The doubts raised by some health officials prompted people to turn down the vaccine, resulting in doses going unused and slowing down the vaccination process throughout the continent.

Around the globe

Meanwhile, Britain reopened all its schools Monday for the first time since late 2020. The openings come as the country experiences some of its lowest coronavirus death tolls since October. The coronavirus causes the COVID-19 disease.

British Prime Minister Boris Johnson on Monday called the reopening of schools in the nation "a crucial first step" in a "road map to freedom" from the coronavirus pandemic but added a warning against complacency.

Students listen to a teacher during a lesson at Heath Mount school as schools reopen in England, amid the coronavirus disease ... Students listen to a teacher during a lesson at Heath Mount school as schools reopen in England, amid the coronavirus pandemic, in Watton at Stone, Hertfordshire, Britain, March 8, 2021.

In Israel, health officials celebrated the country's 5 millionth coronavirus vaccination and extended its vaccination campaign to Palestinians working in Israel or its West Bank settlements. The country has faced criticism for not providing more doses to Palestinians in occupied territory.

Greek authorities say they have registered the country's youngest COVID-19 victim so far - a 37-day-old baby boy. The infant had been in the hospital with the virus for the past three weeks after being brought in with a nasal infection and fever.

Vaccines

The U.S. Centers for Disease Control and Prevention announced new guidelines for those who have been fully vaccinated, advising that they can gather without masks in small groups with others who have been inoculated, but that they should still wear masks in public.

U.S. students in Detroit, Michigan, returned to classrooms for in-person learning Monday for the first time in months, while officials in New York City announced that public high schools will reopen for in-person learning March 22.

The World Health Organization argued that so-called "vaccine passports" for COVID-19 should not be used for international travel because coronavirus vaccines are not easily available globally.

WHO emergencies chief Dr. Michael Ryan told a press briefing on Monday there are "real practical and ethical considerations" for countries that are considering using vaccine passports and said the U.N. health agency advises against it for now.

Also on Monday, Vietnam launched its COVID-19 vaccination program, with its front-line health care workers and first responders receiving the first shots.

A woman receives a vaccine as Vietnam starts its official rollout of AstraZeneca's coronavirus disease (COVID-19) vaccine for... A woman receives a vaccine as Vietnam starts its official rollout of AstraZeneca's coronavirus vaccine for health workers, at Hai Duong Hospital for Tropical Diseases, Hai Duong province, Vietnam, March 8, 2021.

In Japan, Prime Minister Yoshihide Suga said the country will speed up its vaccination program after a slow start thanks to vaccine and syringe shortages.
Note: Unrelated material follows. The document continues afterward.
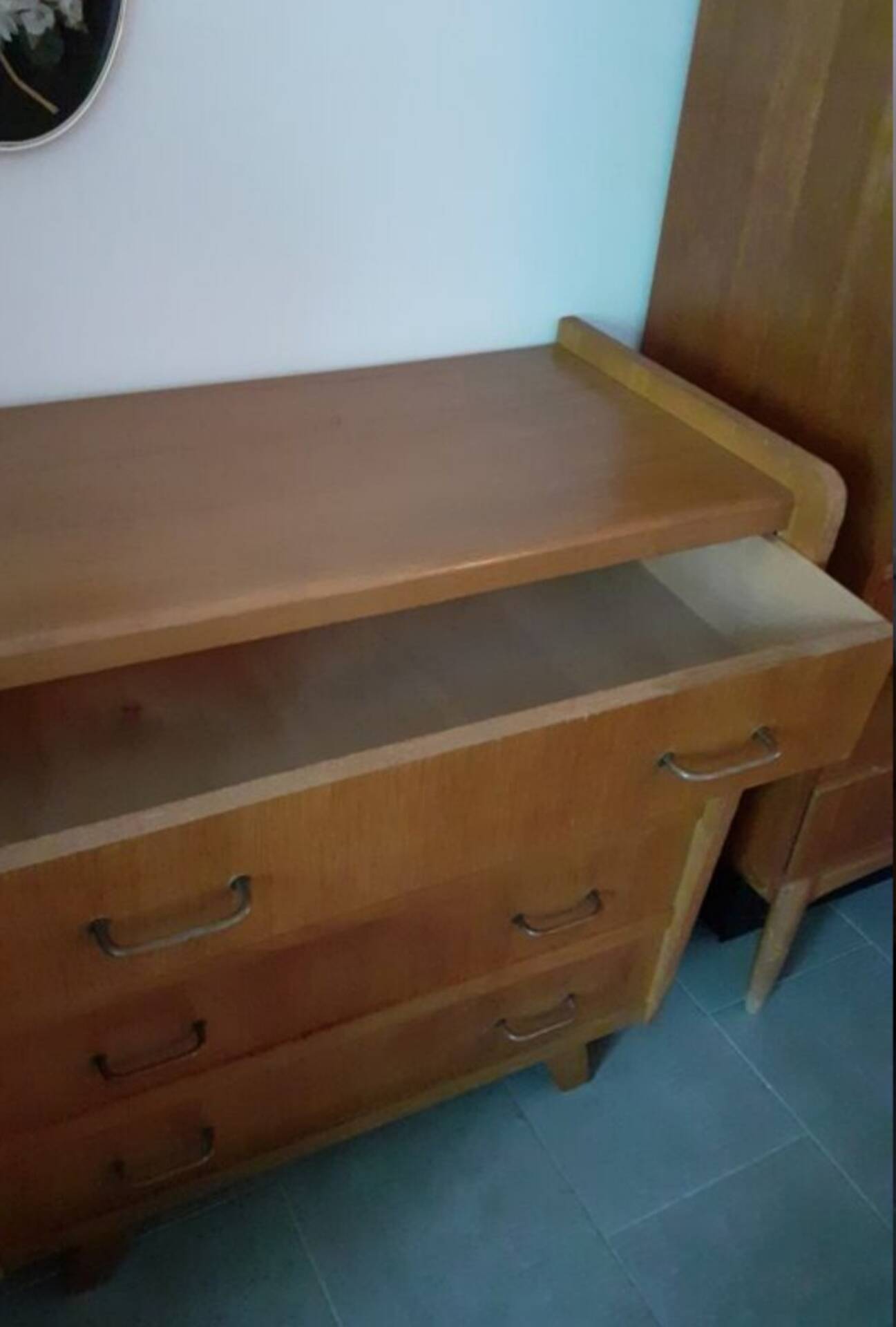 Commode vintage années 50/60 – 4 tiroirs – esprit moderniste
Three weeks in, a little more than 46,500 front-line medical workers have received their shots. The elderly will be next in line.

The Reuters news agency reported that Suga promised to have enough of the shots to vaccinate the entire population by the start of the Summer Olympics in July.

The European Union has warned member states against buying Russia's COVID-19 vaccine, Sputnik V, since the EU has not yet completed a review of it. Despite the warning, several nations have made moves to purchase the vaccine.

Early Monday, the Johns Hopkins Coronavirus Resource Center reported almost 117 million global coronavirus cases. The United States has more infections than any other country with 29 million, followed by India with 11.2 million and Brazil with 11 million.